[SPARK-10026] [ML] [PySpark] Implement some common Params for regression in PySpark #8508

yanboliang · 2015-08-28T12:54:24Z

LinearRegression and LogisticRegression lack of some Params for Python, and some Params are not shared classes which lead we need to write them for each class. These kinds of Params are list here:

HasElasticNetParam 
HasFitIntercept
HasStandardization
HasThresholds

Here we implement them in shared params at Python side and make LinearRegression/LogisticRegression parameters peer with Scala one.

SparkQA · 2015-08-28T13:04:30Z

Test build #41744 has finished for PR 8508 at commit 730b0a7.

This patch fails Python style tests.
This patch merges cleanly.
This patch adds the following public classes (experimental):
- ("thresholds", "Thresholds in multi-class classification to adjust the probability of " +
- class HasElasticNetParam(Params):
- class HasFitIntercept(Params):
- class HasStandardization(Params):
- class HasThresholds(Params):
- thresholds = Param(Params._dummy(), "thresholds", "Thresholds in multi-class classification to adjust the probability of predicting each class. Array must have length equal to the number of classes, with values >= 0. The class with largest value p/t is predicted, where p is the original probability of that class and t is the class' threshold.")
- self.thresholds = Param(self, "thresholds", "Thresholds in multi-class classification to adjust the probability of predicting each class. Array must have length equal to the number of classes, with values >= 0. The class with largest value p/t is predicted, where p is the original probability of that class and t is the class' threshold.")
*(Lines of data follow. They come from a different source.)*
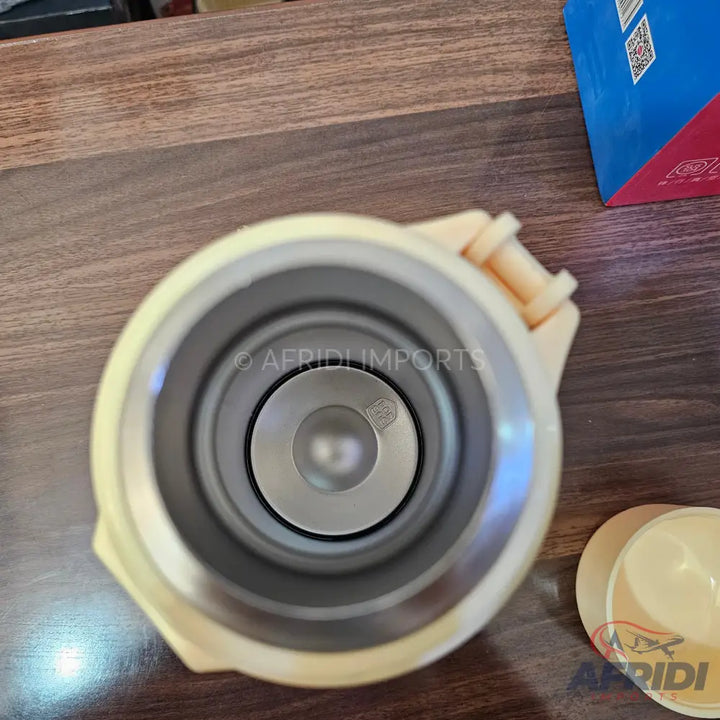 Cream-colored thermos with a metal interior and removable cap.
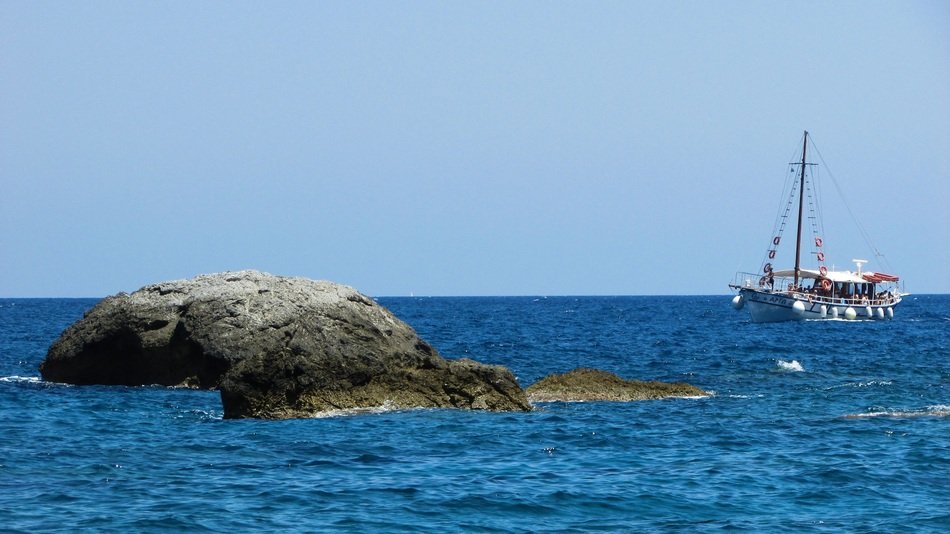 touristic boat near kastro in skiathos on a sunny day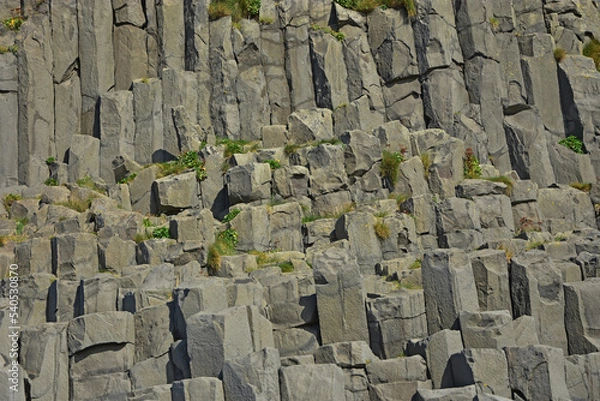 Fototapeta Basalt columns on Reynisfjara black volcanic sand beach in iceland by the ocean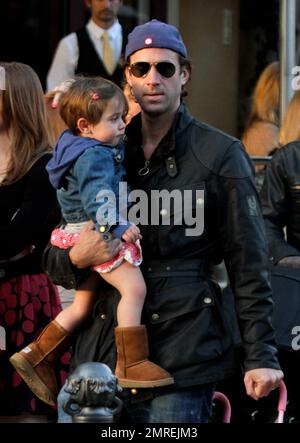 English actor Joseph Fiennes best known for his portrayal of William Shakespeare in 'Shakespeare in Love' was seen at the Grove shopping center carrying his baby girl. The 41 year old actor, who is the youngest brother of actor Ralph Fiennes, wore a blue baseball hat, black jacket, blue jeans, brown shoes and sunglasses. Los Angeles, CA. 22nd March 2012. Stock Photo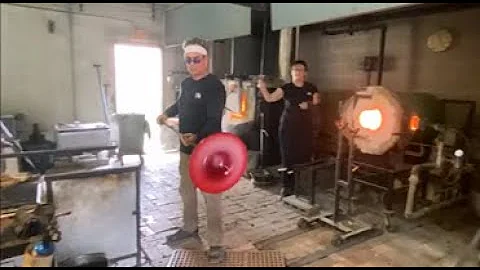 James Wilbat blowing a glass plate
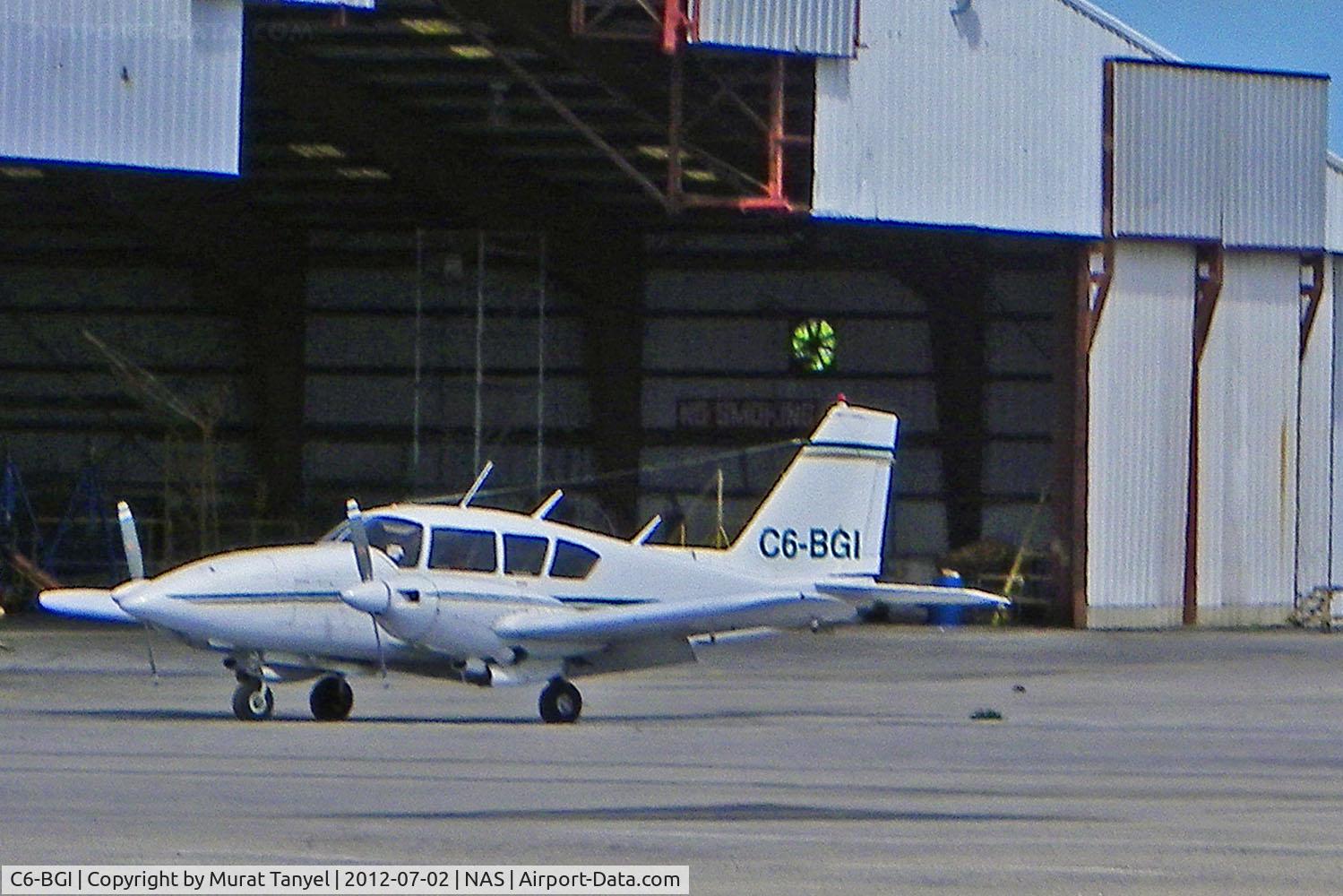 C6-BGI, 1968 Piper PA-23-250 Aztec C/N 24-4020, In front of the hangar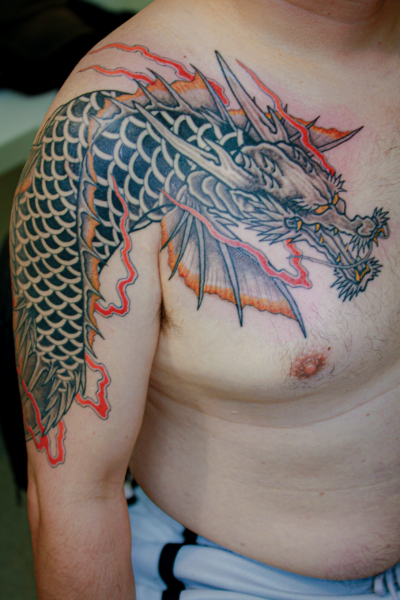 和彫り腕胸に「龍魚」の刺青
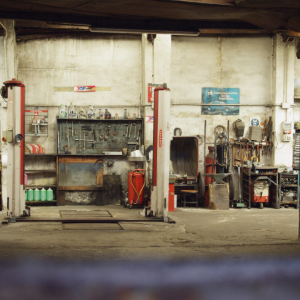 Industrial workshop interior with red machinery, metal workbenches, and tools against a worn wall.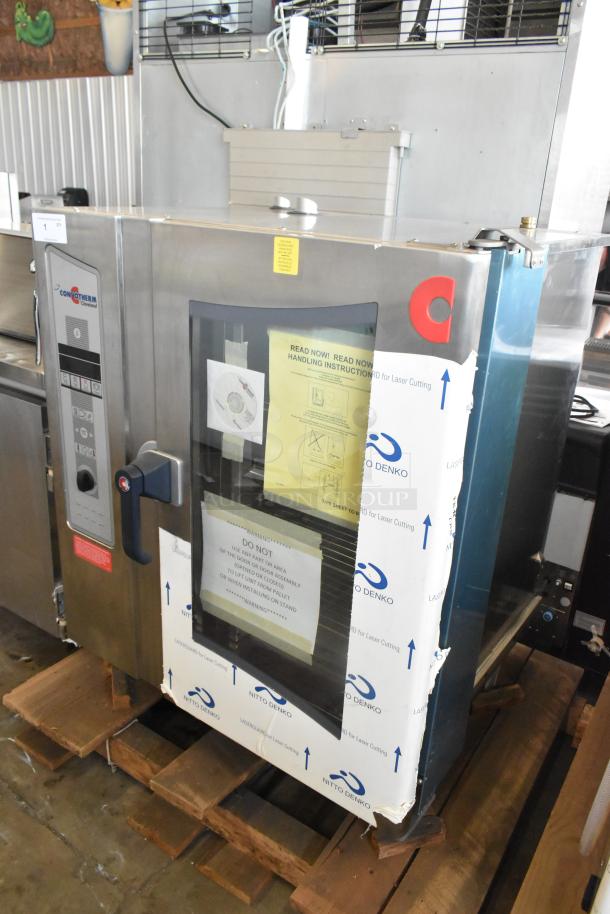 Brand new 2023 Cleveland OEB-10.10 stainless steel electric combi oven, 440/480V, 3 Phase, with handling instructions visible.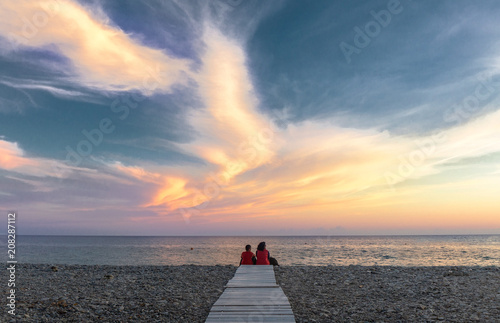 Mom and son sit on the beach and enjoy the sunset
SparkQA · 2015-08-28T13:44:19Z

Test build #41745 has finished for PR 8508 at commit d44ac06.

This patch passes all tests.
This patch merges cleanly.
This patch adds the following public classes (experimental):
- ("thresholds", "Thresholds in multi-class classification to adjust the probability of " +
- class HasElasticNetParam(Params):
- class HasFitIntercept(Params):
- class HasStandardization(Params):
- class HasThresholds(Params):
- thresholds = Param(Params._dummy(), "thresholds", "Thresholds in multi-class classification to adjust the probability of predicting each class. Array must have length equal to the number of classes, with values >= 0. The class with largest value p/t is predicted, where p is the original probability of that class and t is the class' threshold.")
- self.thresholds = Param(self, "thresholds", "Thresholds in multi-class classification to adjust the probability of predicting each class. Array must have length equal to the number of classes, with values >= 0. The class with largest value p/t is predicted, where p is the original probability of that class and t is the class' threshold.")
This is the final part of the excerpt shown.